World e-Com Blog|EN

Fabric raises $336 million in investment

Amazon continues to be the "300-pound gorilla in the hallway" for companies in the retail sector. Today, a startup called Fabric, which is creating technology to help other retailers, large and small, compete more effectively with Amazon, particularly in the delivery of goods using advanced robotics. It's a big round with a big valuation - more than $1 billion, Fabric says. The round highlights both the demand in the market and the opportunity to challenge Amazon.

"Right now we already have more demand than we can meet," Elram Goren, CEO and co-founder of Fabric, said in an interview. "At the same time, we see great opportunities beyond the supply side, beyond our micro-fulfillment centers, as they interact in the network and supply chain."

Singapore-based Temasek Fund, which participated in Fabric's $110 million Series B financing in 2019, led Series C, which also included Koch Disruptive Technologies, Union Tech Ventures, Harel Insurance & Finance, Pontifax Global Food and Agriculture Technology Fund (Pontifax AgTech), Canada Pension Plan Investment Board (CPP Investments), KSH Capital, Princeville Capital, Wharton Equity Ventures and others. To date, the company has raised $336 million.

Fabric's clients now include Walmart, Instacart and FreshDirect. The company said the funding will be used both to further the grocery sector, including helping it create its own "marketplaces," and to introduce its micro-delivery technology to other  types of e-commerce retailers by expanding its network in the United States (where it is now based, in New York) and Israel (where it originally started), and soon into other markets.
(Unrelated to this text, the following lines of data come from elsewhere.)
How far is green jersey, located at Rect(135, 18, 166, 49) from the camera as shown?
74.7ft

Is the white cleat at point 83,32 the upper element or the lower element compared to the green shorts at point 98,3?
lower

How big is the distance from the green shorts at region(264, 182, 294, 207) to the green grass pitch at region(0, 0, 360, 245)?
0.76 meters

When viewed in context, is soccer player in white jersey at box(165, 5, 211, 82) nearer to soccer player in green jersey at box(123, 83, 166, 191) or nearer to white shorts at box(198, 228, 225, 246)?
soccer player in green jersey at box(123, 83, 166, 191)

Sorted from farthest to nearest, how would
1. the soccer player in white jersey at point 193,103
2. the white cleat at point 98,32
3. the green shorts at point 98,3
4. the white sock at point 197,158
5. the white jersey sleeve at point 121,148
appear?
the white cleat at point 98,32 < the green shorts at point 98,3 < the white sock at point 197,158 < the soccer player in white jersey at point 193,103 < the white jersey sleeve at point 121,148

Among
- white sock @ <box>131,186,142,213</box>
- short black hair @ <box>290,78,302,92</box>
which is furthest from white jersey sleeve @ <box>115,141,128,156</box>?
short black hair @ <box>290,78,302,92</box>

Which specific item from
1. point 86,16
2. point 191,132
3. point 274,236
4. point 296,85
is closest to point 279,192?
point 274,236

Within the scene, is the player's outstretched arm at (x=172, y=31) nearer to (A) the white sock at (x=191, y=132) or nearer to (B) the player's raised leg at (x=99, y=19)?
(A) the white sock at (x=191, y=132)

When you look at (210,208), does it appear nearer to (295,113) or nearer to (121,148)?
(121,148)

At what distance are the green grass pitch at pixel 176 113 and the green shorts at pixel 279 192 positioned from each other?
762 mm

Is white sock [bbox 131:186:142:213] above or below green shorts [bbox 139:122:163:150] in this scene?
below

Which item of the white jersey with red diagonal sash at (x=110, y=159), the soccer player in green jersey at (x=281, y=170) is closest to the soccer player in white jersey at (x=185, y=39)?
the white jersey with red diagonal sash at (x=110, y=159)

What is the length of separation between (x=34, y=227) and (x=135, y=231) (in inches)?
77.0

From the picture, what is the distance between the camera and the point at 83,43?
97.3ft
"Essentially, we're using the same technology stack for both grocery and e-commerce," the company's CEO said in an interview. This was done in part for practicality reasons. When Fabric started in 2015, he said, most of the company's efforts  were focused on groceries because e-commerce integration was very low, at about 1%. Now it's at 10%, he added, and it's a $1 trillion  market;

E-commerce has been growing rapidly for decades, but the trend has accelerated dramatically in the past two years, not least because of COVID-19 and the scary effect it has had on retail. Citing data from consulting firm McKinsey, Analysts notes that as early as 2020, 35%  e-commerce penetration (i.e., sales made online) was double what it was a year earlier (16% in 2019), with most of that growth occurring in just a few months (this is growth that was made in the 10 years before COVID-19).

Fabric is competing with other startups creating fulfillment technology to improve logistics processes, such as ShipBob, Byrd and parcelLab, all of which have raised money this year. These new players, in turn, are looking to get  into a business still dominated by a wide range of third-party logistics and service providers (known as 3PLs) - suppliers in a fragmented and in some respects quite similar market relying on warehouses and work crews; and, of course, Amazon, which provides services to hundreds of thousands of third-party sellers through its fulfillment program.

Fabric's robotic solution is a key differentiator on this front. The company has created a vertically integrated set of hardware and software that can be deployed in the customer's own warehouses or directly in-house.